Untuk pengamanan, tegas mantan Komandan Batalyon (Danyon) C Pelopor Satuan Brimob Polda Jawa Timur (Jatim), Polres Pelalawan siap untuk mengamankan tahapan hingga pelaksanaan Pemilu serentak tahun 2024.

"Kami Polri siap mengamankan tahapan hingga pelaksanaan Pemilu serentak tahun 2024," terang perwira pangkat dua melati di pundaknya ini.

Makanya, tutur AKBP Suwinto, Polres Pelalawan memastikan seluruh personel siap dalam rangka pengamanan pesta demokrasi bakal dihelar pada 14 Februari 2024. Ini sesuai amanat Undang Undang Nomor 2 tahun 2002 tentang kepolisian negera republik Indonesia Renops MNTP brta LK 2023 2024 no R/Renops/29/lX/OOS.1.1.1/2023 pada 25 September 2023 tentang Pemilu 2023-2024. Peraturan menteri dalam negeri Nomor 26 tahun 2020 tentang Satuan Perlindungan Masyarakat (Linmas)

Pengamanan polisi di Pemilu serentak tahun 2024 ini, meliputi penjagaan kotak suara hingga tempat penyimpanan kotak suara guna menghidari pencurian, perampok, pembakaran, dan pengerusakan kotak suara, sehingga tercipta rasa aman kepada petugas pembawa kotak surat suara.

Sosialisasi pengamanan kesiapsiagaan  anggota Polres Pelalawan sebagai upaya  pengamanan TPS saat ada gangguan mungkin terjadi. Di mana pembagiantugas, yakni melaksanakan koordinasi, pengecekan kesiapsiagaan petugas, memberikan arahan kepada petugas pengamanan seperti pendampingan pengawalan TPS, sterilisasi area TPS bersama ketua dan seluruh anggota Kelompok Penyelenggara Pemungutan Suara (KPPS), melarang para pemilih membawa benda berbahaya. Hal ini dari pelaksanaan Pemilu mulai persiapan, saat berlangsung, saat penghitungan suara, dan pengawalan surat suara bersama TNI dan Polri.

Pemilu seretak tahun 2024 di wilayah Kabupaten Pelalawan, sambungnya, Polres Pelalawan mengerahkan  pengamanan sebanyak 474 personel ditugaskan untuk kawal dan pengamanan TPS di Kabupaten Pelalawan.

"Personel itu rinciannya total 365 personel Polres Pelalawan ditambah bantuan BKO Polda Riau sebanyak 109 personel, dan ditambah lagi dari hansip atau Perlidungan Masyarakat (Linmas) 2212 personel bertugas untuk pengamanan 1.106 TPS  di "Negeri Seiya Sekata" nama lain dari Kabupaten Pelalawan," sebutnya.

Masih Kapolres Pelalawan, setiap TPS ditugaskan laksanakan pengamanan relatif 1 personel. Tapi ada 2 personel yang ditugaskan di TPS lewat pertimbangan situasi dan kondisi, seperti kerawanan TPS itu, dan daerah masih terendam banjir dari peninjauan sebanyak 31 TPS.

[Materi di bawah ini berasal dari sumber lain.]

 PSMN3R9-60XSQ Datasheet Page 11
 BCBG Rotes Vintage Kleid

"Wilayahnya terandam banjir tidak jadi kendala, lataran kita sudah briefing bersama pihak Komisi Pemilihan Umum (KPU) sebagai penyelanggara  pemungutan suara. Di mana daerah masih terendam banjir lokasi titik TPS dipindahkan ke TPS alternatif. Ini proses pencoblosan tetap berjalan semestinya meski masih banjir," ulasnya.

Sebelum H-2 pelaksanaan Pemilu serantak tahun 2024, sebut AKBP Suwinto, wilayahnya yang masih terandam banjir mudah-mudahan cepat surut. Apalagi sudah dua hari pintu air PLTA Kampar sudah ditutup. 

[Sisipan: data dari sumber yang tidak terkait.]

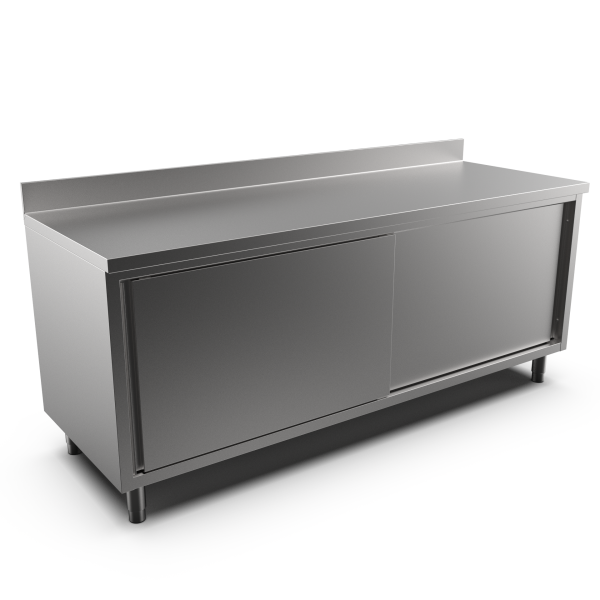 CUPBOARD W/SLID.DOORS W/US L.2000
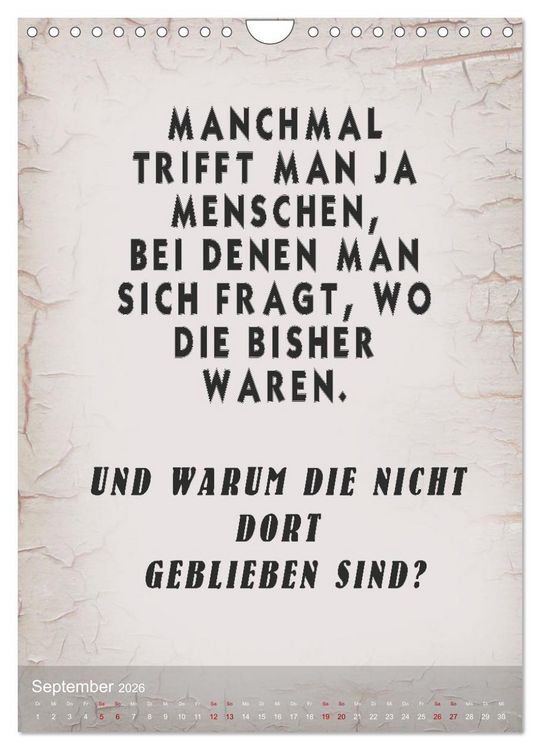 Produktbild: Ziemlich schlecht gelaunt (Wandkalender 2026 DIN A4 hoch), CALVENDO Monatskalender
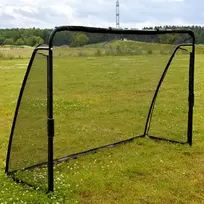 Futbolo vartai su tinklu ir metimo taikiniu 240x160x80cm ENERO PRO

Sedang, KPU sediakan alat kelengkapan transportasi, berupa mobil, dan sepada motor perlancar warga yang hendak menggunakan hak pilih. Terkait ini sudah berkoordinasi dengan pihak aparat, di mana di wilayah perairan seperti Kecamatan Teluk Meranti dan, Kecamatan Kuala Kampar disiapkan kapal.

"Insya Alloh, hingga saat ini tidak ada kendala dan masalah banjir sudah dianalisa. Bagaimana situasi dan kondisinya masalahnya wahib dicari solusi. Apalagi oengamanan tidak hanya dari Polri saja, TNI  dan pemerintah turut membantu. Jadi, untuk masa hari tenang TNI dan Polri melakukan patroli sekaligus cooling system Pemilu Damai serentak tahun 2024," tuturnya.

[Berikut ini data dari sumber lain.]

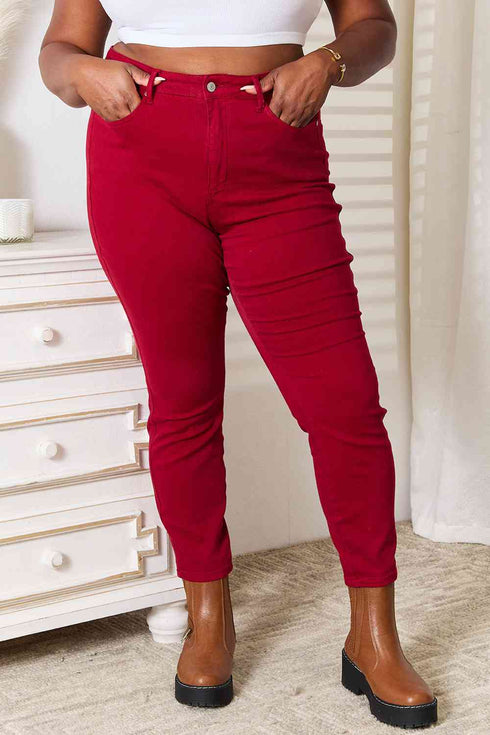 Judy Blue Full Size High Waist Tummy Control Skinny Jeans - LISA MARIE BOUTIQUE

Pemilu ini harap Orang Nomor satu di Polres Pelalawan ini, mudah-mudahan kondusif di semua kecamatan yang ada di Kabupaten Pelalawan. Apalagi ada pendampingan keamanan dari aparat, dari TPS hingga ke panitia pemilihan kecamatan (PPK).

"Kepada seluruh masyarakat, mari berbondong ke TPS gunakan hak pilih, dan jangan Golput di Pemilu serentak tahun 2024. Ingat, jangan gegera perbedaan pilihan kita  gontok-gontokan. Ayo kita jaga konduktivitas bersama, untuk kebaikan bersama demi persatuan dan kesatuan Negara Kesatuan Rapubli Indonesia (NKRI) lebih baik masa datang," serunya.